Although the invention has been described in conjunction with specific embodiments thereof, it is evident that many alternatives, modifications and variations will be apparent to those skilled in the art. All such substitutions, modifications and variations are within the spirit and scope of the invention.

Claims (14)

1. the method for preparation formula (I) compound,

Wherein R, R ¹, R ², R ³And R ⁴Be independently selected from H, Br, Cl or F, this method comprises:

(A) with formula (II) compound be selected from PO ₅, POCl ₃And PCl ₅Dewatering agent reaction,

R wherein ^A, R ^B, R ^C, R ^DAnd R ^EBe independently selected from hydrogen or halogen, R ⁵Be phenyl or 4-chloro-phenyl-, generate the imines of following formula:

And

(B) with imines hydrolysis production (I) compound that produces in the step (A).

2. the described method of claim 1, wherein, R, R ¹, R ³And R ⁴Be hydrogen, R ²Be chlorine.

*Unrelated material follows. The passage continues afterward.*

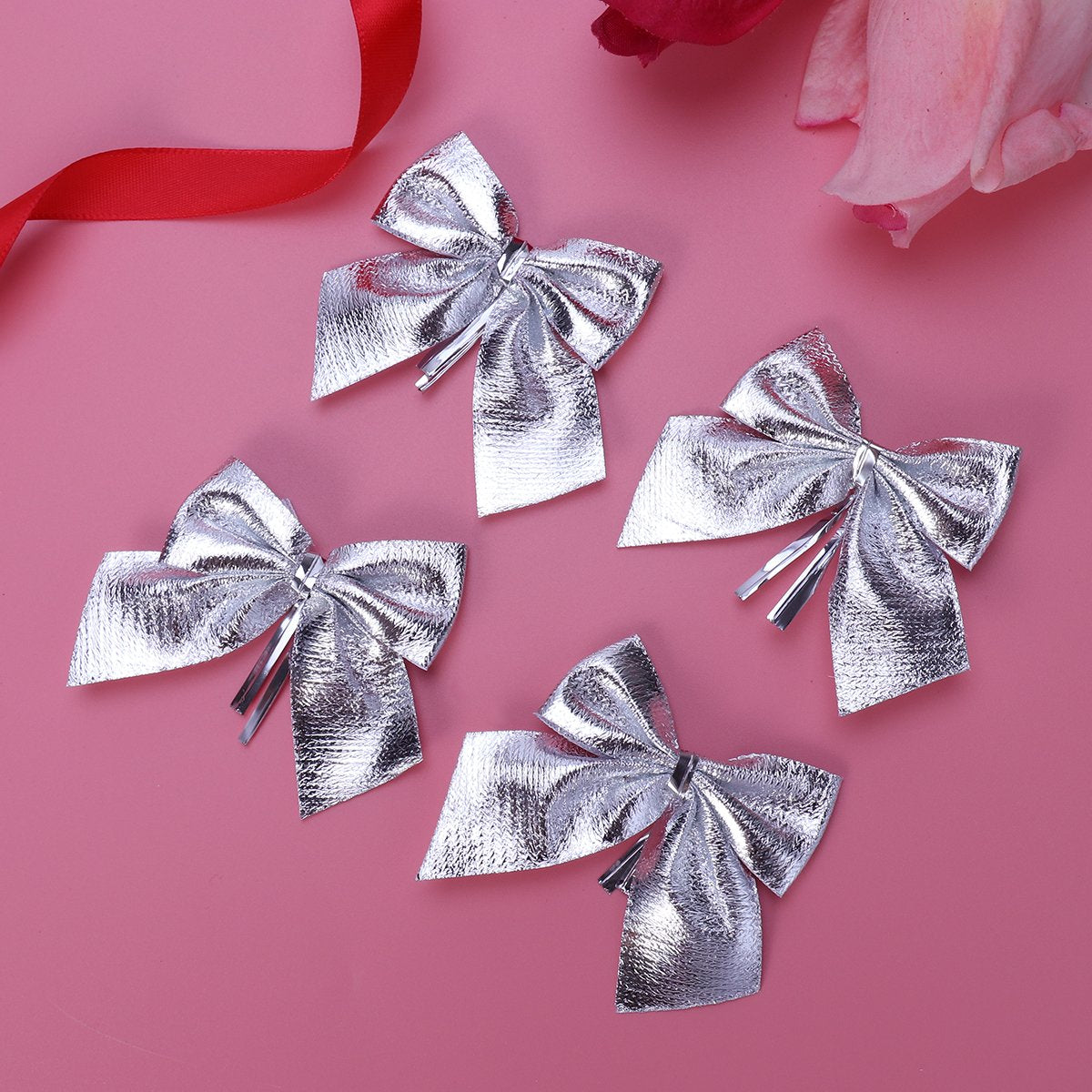 Silver Mini Bows (Set of 12) 9019 Christmas Decoration Bows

3. the described method of claim 2, wherein, by with the reaction mixture of formula (II) compound and dewatering agent be selected from AlCl ₃, FeCl ₃, ZnCl ₂, AlBr ₃, ZnBr ₂, TiCl ₄And SnCl ₄Lewis acid or be selected from CF ₃SO ₃H, FSO ₃H,

Other reagent contact of peracid carry out step (A).

4. the described method of claim 3, wherein, dewatering agent is selected from P ₂O ₅, POCl ₃, PCl ₅, and other reagent are selected from CF ₃SO ₃H, FeCl ₃And AlCl ₃

5. the described method of claim 1, wherein, R ¹, R ³And R ⁴Be hydrogen, R is a bromine, R ²Be chlorine.

6. the described method of claim 5, wherein, by with the reaction mixture of formula (II) compound and dewatering agent be selected from AlCl ₃, FeCl ₃, ZnCl ₂, AlBr ₃, ZnBr ₂, TiCl ₄And SnCl ₄Lewis acid or be selected from CF ₃SO ₃H, FSO ₃H,

Other reagent contact of peracid carry out step (A).

7. the described method of claim 6, wherein, dewatering agent is selected from P ₂O ₅, POCl ₃, PCl ₅, and other reagent are selected from CF ₃SO ₃H, FeCl ₃And AlCl ₃

8. the described method of claim 1, wherein, R ¹And R ³Be hydrogen, R and R ⁴Be bromine, and R ²Be chlorine.

9. the described method of claim 8, wherein, by reaction mixture and AlCl with formula (II) compound and dewatering agent ₃, FeCl ₃, ZnCl ₂, AlBr ₃, ZnBr ₂, TiCl ₄And SnCl ₄Lewis acid or be selected from CF ₃SO ₃H, FSO ₃H,

Other reagent contact of peracid carry out step (A).

10. the described method of claim 9, wherein, dewatering agent is selected from P ₂O ₅, POCl ₃, PCl ₅, and other reagent are selected from CF ₃SO ₃H, FeCl ₃And AlCl ₃

11. the compound of following formula

R wherein ^A, R ^B, R ^C, R ^DAnd R ^EBe independently selected from hydrogen or halogen, R ⁵Be phenyl or 4-chloro-phenyl-.

12. the described compound of claim 11, wherein, R ^A, R ^B, R ^DAnd R ^ERespectively be hydrogen, R ^CBe chlorine.

13. the described compound of claim 11, wherein, R ^B, R ^DAnd R ^ERespectively be hydrogen, R ^ABe bromine, and R ^CBe chlorine.

14. the described compound of claim 11, wherein, R ^AAnd R ^ERespectively be bromine, R ^BAnd R ^DRespectively be hydrogen, and R ^CBe chlorine.